消費税増税問題、東電値上げ問題が連日メディアをにぎわせる中、7年前に世間を大騒ぎさせ動き出したはずの郵政民営化法案が大幅な見直しをされるという話が、当時に比べると圧倒的に控え目な報道トーンの下で動いています。
問題の主は自民党。小泉内閣の時代に郵政民営化に反対する者は離党させ“郵政選挙”では刺客まで送り込むという念の入れようで、早期完全民営化への国民合意を得て進めてきたハズのこの法案。民主党政権に替わって、「法案の廃案⇒見直し」を大方針として掲げる国民新党との連立流れもあり、民営化の道筋は小泉内閣時代の目論みとは様相を変えてきてはいました。

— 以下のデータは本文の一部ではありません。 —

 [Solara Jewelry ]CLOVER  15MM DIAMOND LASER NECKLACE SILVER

しかし、そんな連立与党の「郵政法案廃案⇒見直し」には一貫して反対し、前回衆院選においても完全民営路線堅持を方針に掲げてきたはずの自民党、突然の寝返りなわけです。理由が判然としません。表向きは、選挙協力関係にあり前政権では連立を組んでいた公明党の動きに合わせたということのようで。公明党は、復興財源としてクローズアップされる国の郵政株売却を早期に進めるべく、現状凍結中の同法案を再稼働させるべきであるとの判断から、独自の見直し案を提示して与野党丸くおさめようという動きに出たようです。

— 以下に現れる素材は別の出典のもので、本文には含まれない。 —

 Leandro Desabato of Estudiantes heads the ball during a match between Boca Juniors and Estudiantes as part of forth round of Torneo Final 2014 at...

自民党は、まずは遠くない将来に予想される「解散⇒総選挙」をにらみ公明党との関係は維持したいと。さらに一部報道によれば、もともと自民党の大きな支持母体で集票マシンでもあった郵政の特定局長会が、郵政選挙以降国民新党支持に流れていたものが、“造反議員”の相次ぐ自民党復党後は国民新党では頼りないということもあり、再度自民党議員のパーティ券大口購入などを通じてかなり関係を戻してきているとも。すなわち、“カネと票”の誘惑の前に政策はいとも簡単に転換を余儀なくされた、ということのようです。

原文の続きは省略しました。